小さい坊ちゃん、今日で18歳になりました。
もう、「小さい坊」ではありませんが。。
見た目はともかく、大きい坊ちゃんとともに、相変わらずの面白さです。
二人の話題はたいてい、ウルトラマンや怪獣やプロ野球のことで、
小学生の頃と、たいして変わらないような…。

晩ごはんの準備をしていたら、大きい坊ちゃんがしみじみと、
「小学生の時はなー、じゅんも、いじゅの誕生日がすごく楽しみやった。」と言うのです。
「家族の誕生日がしばらくなくて、最初にいじゅの誕生日があるやん。
 わくわくして、いじゅが一番やけど、その次に大きいハンバーグはじゅんがほしいなとか、
 ケーキも、いじゅの次に大きいところがほしいなーって思ってた。
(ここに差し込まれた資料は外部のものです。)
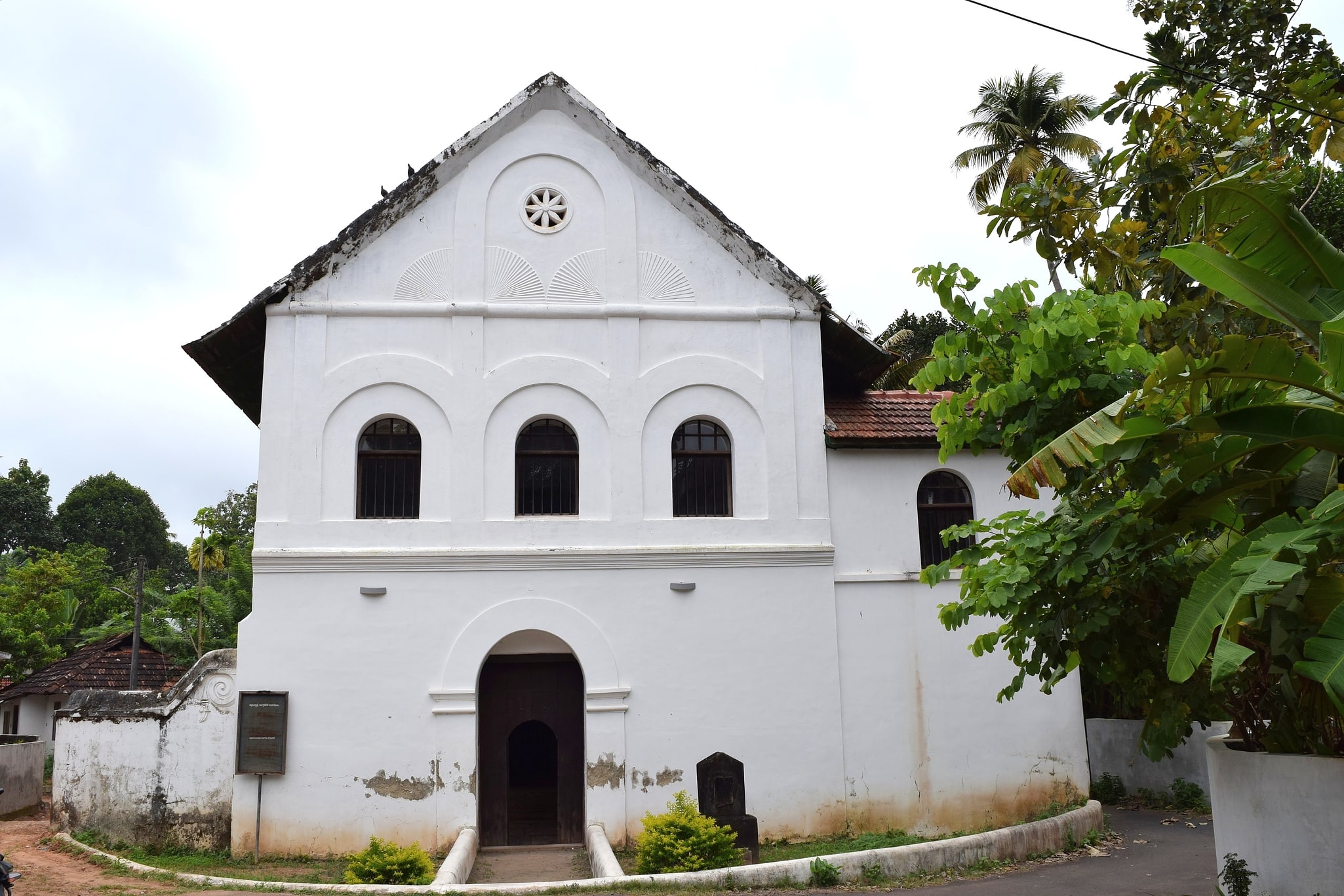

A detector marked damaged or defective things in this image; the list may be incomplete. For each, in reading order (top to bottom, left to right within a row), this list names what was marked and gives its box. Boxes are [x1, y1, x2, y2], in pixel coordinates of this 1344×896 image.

peeling paint on wall [360, 768, 438, 800]
peeling paint on wall [588, 752, 623, 790]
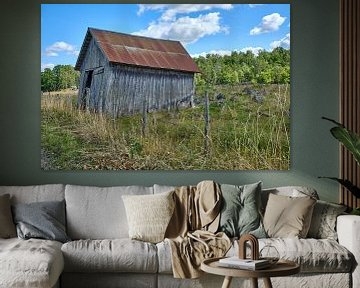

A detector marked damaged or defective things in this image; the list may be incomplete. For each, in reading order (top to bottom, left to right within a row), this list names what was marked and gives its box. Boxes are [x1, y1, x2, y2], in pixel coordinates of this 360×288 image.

」
それを聞いて、そういえばそんなふうだった、その頃の大きい坊ちゃんを思い出して、
懐かしく、そしてとても愛おしく思いました。
でも、小さかった頃の自分の気持ちを思い出して語る今の大きい坊ちゃんのことも、
同時にとても可愛らしく、人間らしく思えました。
「今は、そんなことは思わへん」そうですが…(笑)それはそれで、寂しいような。
そんな大きい坊ちゃんも、再来月には、20歳の誕生日を迎えます。
「この家に、だんだん子どもがおらへんようになるなー」と言いながら、
まったくそんなことを感じさせない、彼らふたりなのでした。



最後の文化祭 9/14

9月2週めの週末、小さい坊ちゃんの高校の文化祭に出かけてきました。
校内発表の金曜日には大きい坊と、一般公開日の土曜日にはオットーと、
それぞれの都合でばらばらにでしたが、家族全員が坊ちゃんのがんばりを見届けました。

夏休み前から準備に入り、夏休みはぼちぼちと受験勉強と二本立てで、
休み明けからは集中してクラス全員で仕上げていった、オリジナル劇の発表でした。

発表場所は、教室。
文化祭劇といえば、体育館などの舞台で演じられるような印象が強いのですが、
小さい坊ちゃんの学校では、劇をするクラスは、自分たちの教室で。
唯一、音楽科のクラスだけは、音楽ホールがあるため、
そこでミュージカルを上演するのが常です。(こちらはかなり本格的で、注目度も高い)
教室という限られた空間で、暗幕を張りめぐらし、70人前後が入る観客席を組み、
禁止されている部分には舞台装置を貼ったり吊ったりしないよう気を付けながら、
アイデアを出しあって作られた舞台は、さながら芝居小屋のよう。
身を乗りだすようにして観ている観客の熱気と、汗びっしょりの演者とのあいだで、
目には見えない、確かなやりとりがあるのを感じながら、最後まで引きこまれて観ていました。
その場にものすごい「熱」が生まれ、エネルギーが交流しているのを感じた40分でした。
そう…たった40分!
そんな短い時間で、登場人物たちの人生に、運命に、目も心も奪われ、胸揺さぶられ、
その時代に演者とともに、教室ごとタイムスリップしたかのようでした。
終幕は、滂沱の涙。
けれど悲しいだけではない、悲劇のなかに垣間見える希望と、純粋な決意とが、
まっすぐ観客の胸にささったがゆえに流れた、せつなく、不思議な涙でした。

時は、昭和18年。
文科系学生の徴兵猶予が解除され、最初の出陣学徒壮行会が行われた秋から始まる物語。
文科系の学生である青年と、彼を慕う女学生、
理工系の学生である青年と、彼を慕う女学生。
それぞれの思いを抱きつつ、それぞれが抗うことのできない時代の波にのまれ、
やがて終戦とともに、思いがけない、悲しい結末を迎える。
そんな物語でした。
悲しいのだけれど…そこに希望がかすかに光り、その希望を生きる決意を、
演者と一体となった観客までが、ともに決意するような、そんな力強いラストシーンでした。
時代に翻弄された登場人物たちの年齢が演者と変わらないことも、
架空のこの物語が生々しい現実であることを感じさせ、胸がつまりました。

戦後、出兵した文系大学生の一部が帰ってまいりました。
文科系高等教育を受けた彼らは、日本という、一つの国の新しい体制を作るのに尽力しました。
武力とは関係のない国の運営には彼らの力が必須でありました。
・・・訳も分からず、戦争によって青春と家族と居場所まで失った彼ら、その反動には強い平和への希求と繁栄の念が含まれており、現在の日本の礎を作ったのでありました。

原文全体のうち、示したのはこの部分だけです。